[Task statement]:
In the data below, find every line with the string "Leather" and pull it out.

[Extracted entries]:
*** Begin section ***
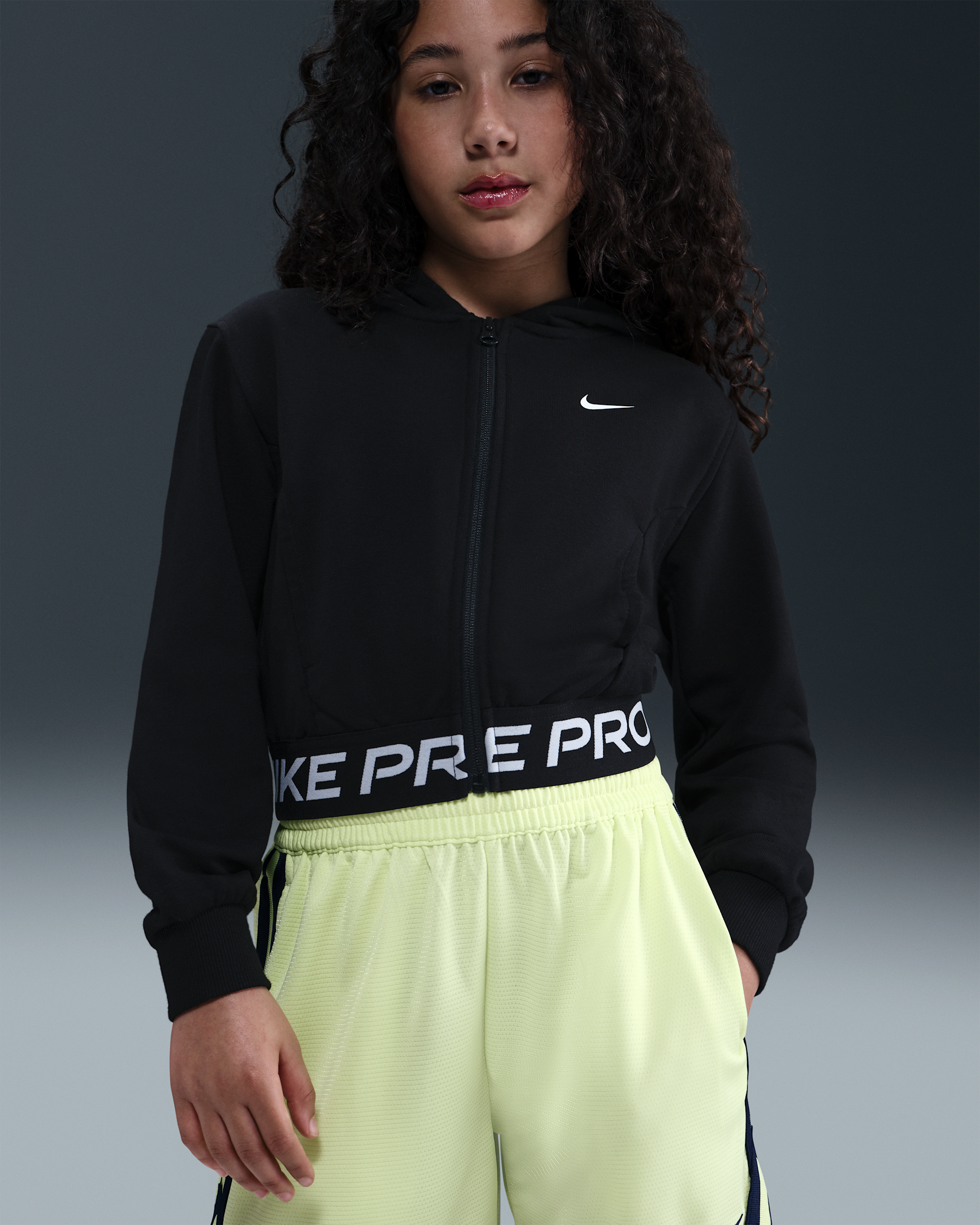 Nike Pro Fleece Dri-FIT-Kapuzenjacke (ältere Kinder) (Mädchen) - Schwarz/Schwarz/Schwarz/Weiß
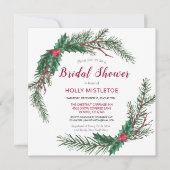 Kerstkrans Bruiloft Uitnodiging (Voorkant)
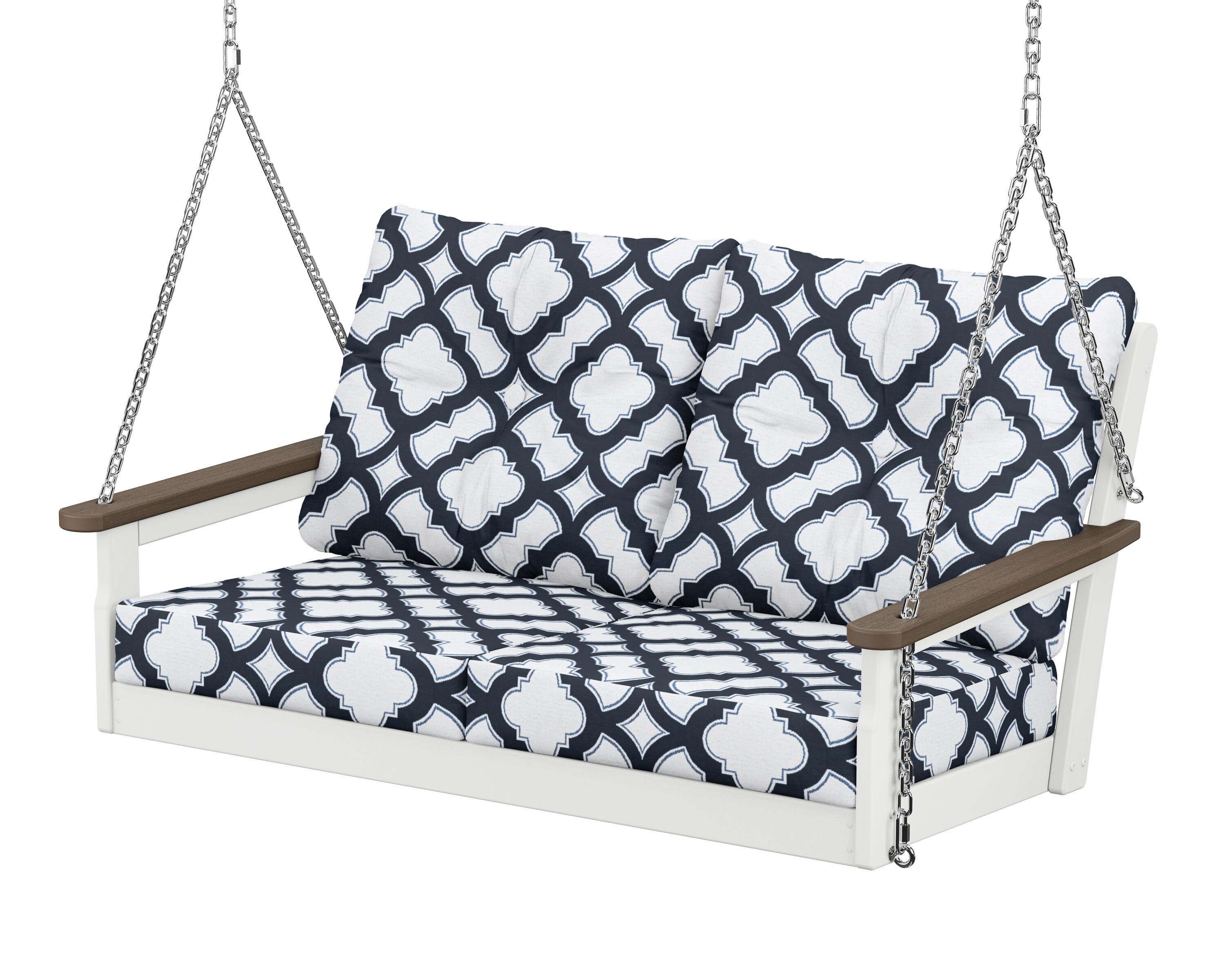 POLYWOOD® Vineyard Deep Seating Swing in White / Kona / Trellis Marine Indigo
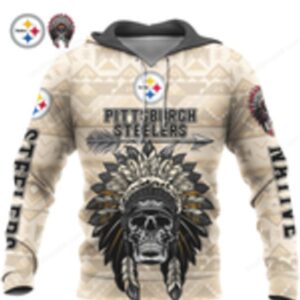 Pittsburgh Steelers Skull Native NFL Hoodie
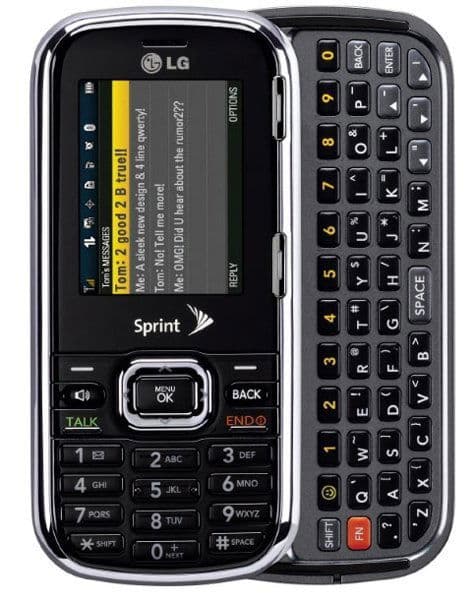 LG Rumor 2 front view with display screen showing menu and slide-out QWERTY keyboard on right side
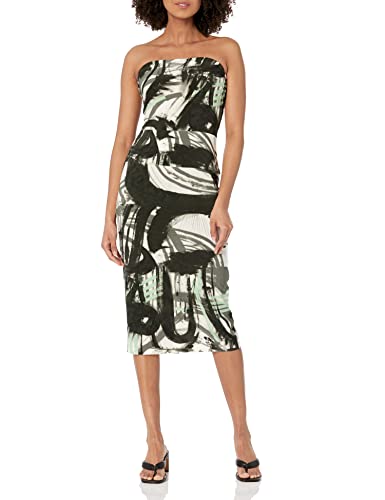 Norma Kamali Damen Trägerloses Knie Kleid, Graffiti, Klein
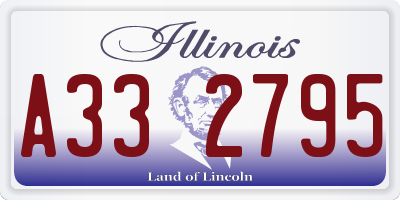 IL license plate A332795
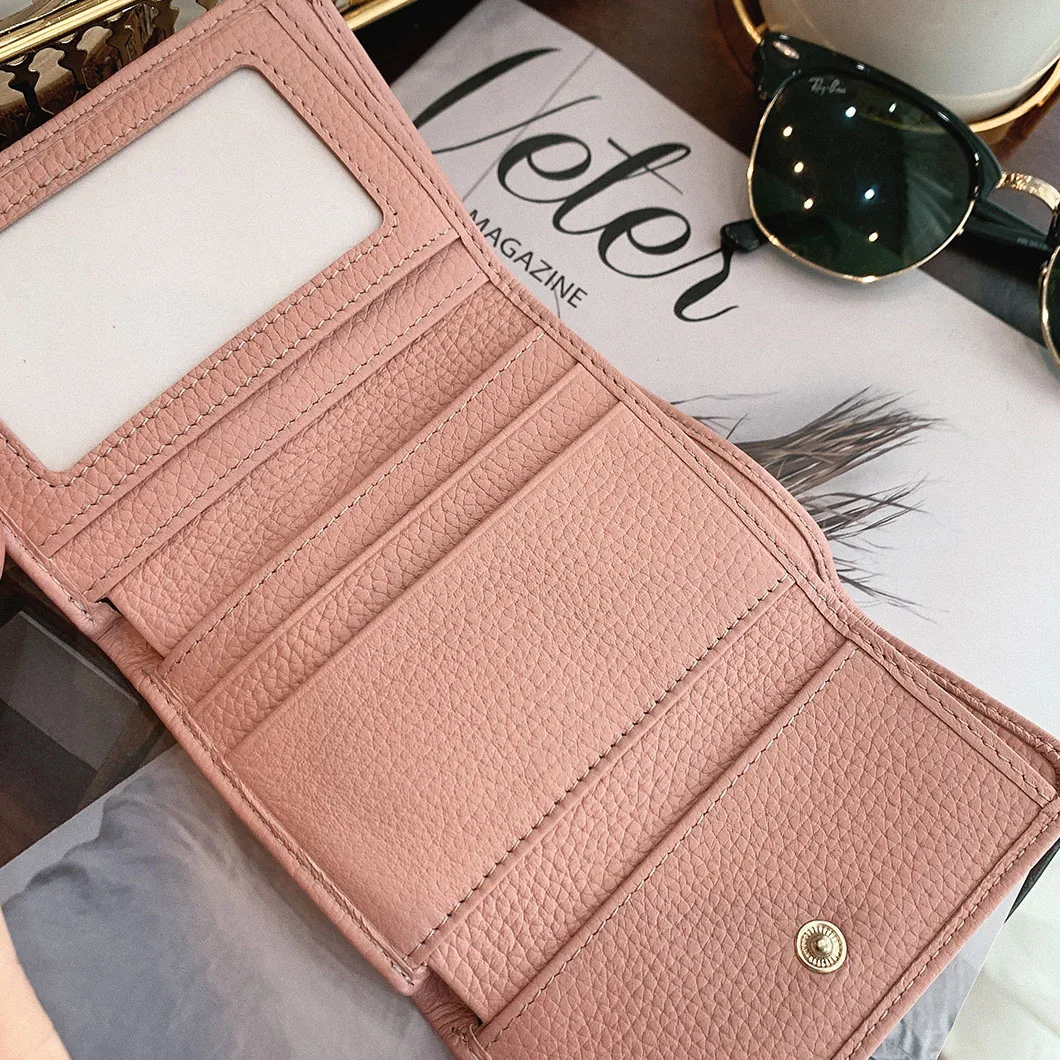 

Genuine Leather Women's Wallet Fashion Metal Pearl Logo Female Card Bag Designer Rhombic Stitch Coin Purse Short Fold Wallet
*** End section ***
*** Begin section ***
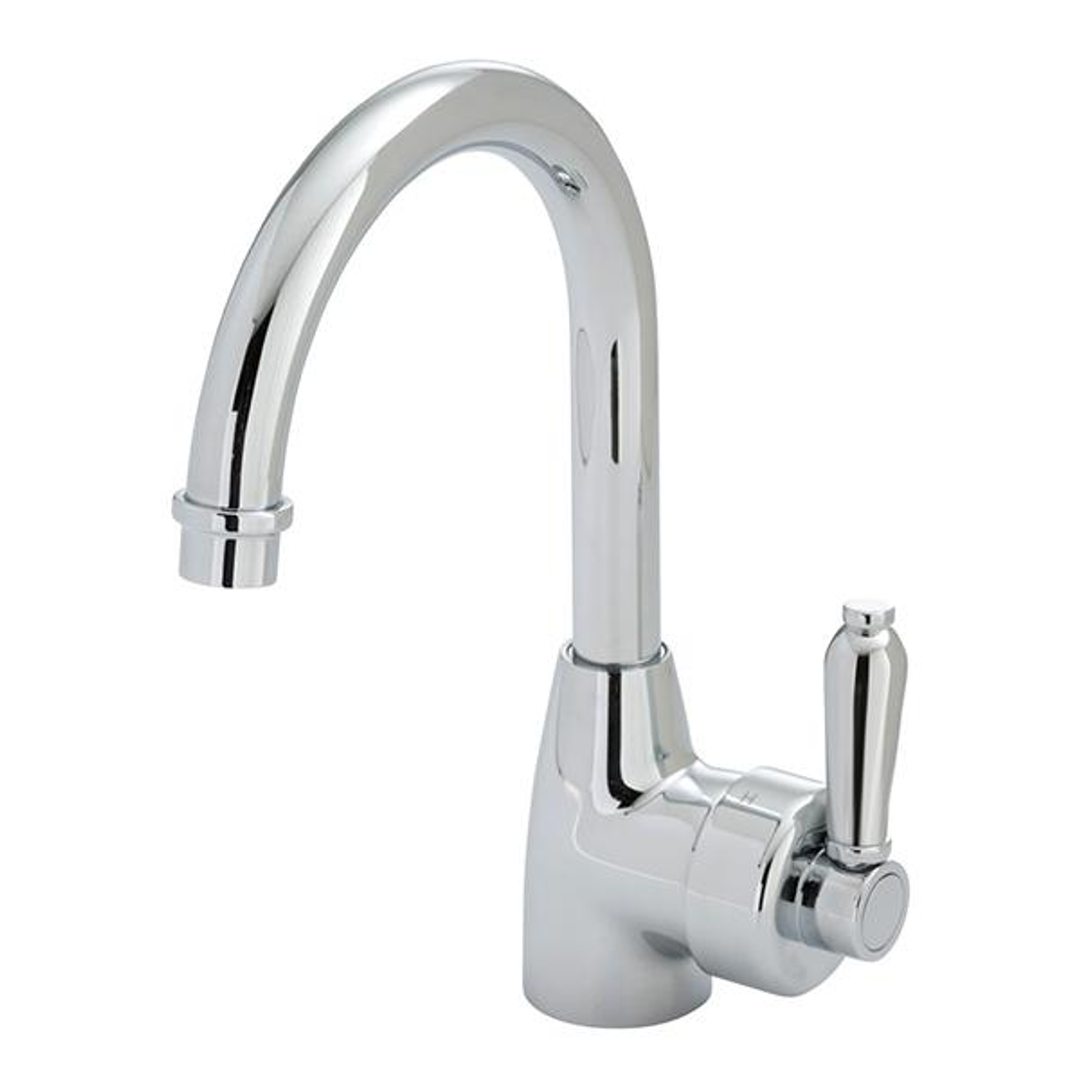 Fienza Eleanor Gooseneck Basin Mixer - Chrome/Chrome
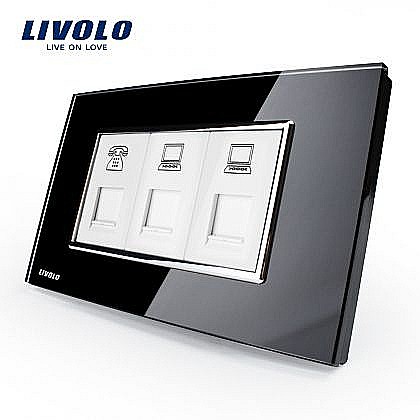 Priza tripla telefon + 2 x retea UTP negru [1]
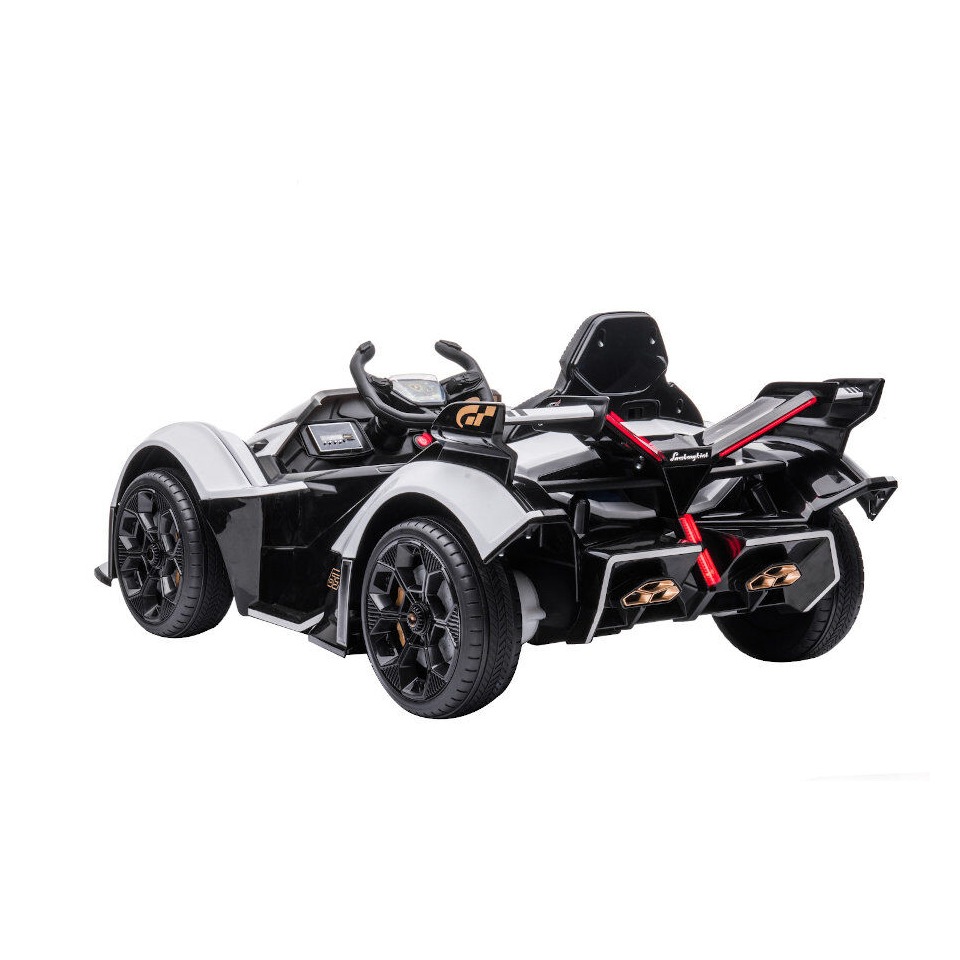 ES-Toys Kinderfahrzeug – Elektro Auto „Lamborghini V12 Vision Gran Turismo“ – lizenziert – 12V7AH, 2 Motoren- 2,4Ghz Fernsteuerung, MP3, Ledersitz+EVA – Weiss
*** End section ***
*** Begin section ***
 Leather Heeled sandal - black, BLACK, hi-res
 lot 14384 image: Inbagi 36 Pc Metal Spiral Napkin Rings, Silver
*** End section ***
[The completed task]:
Genuine Leather Women's Wallet Fashion Metal Pearl Logo Female Card Bag Designer Rhombic Stitch Coin Purse Short Fold Wallet
 Leather Heeled sandal - black, BLACK, hi-res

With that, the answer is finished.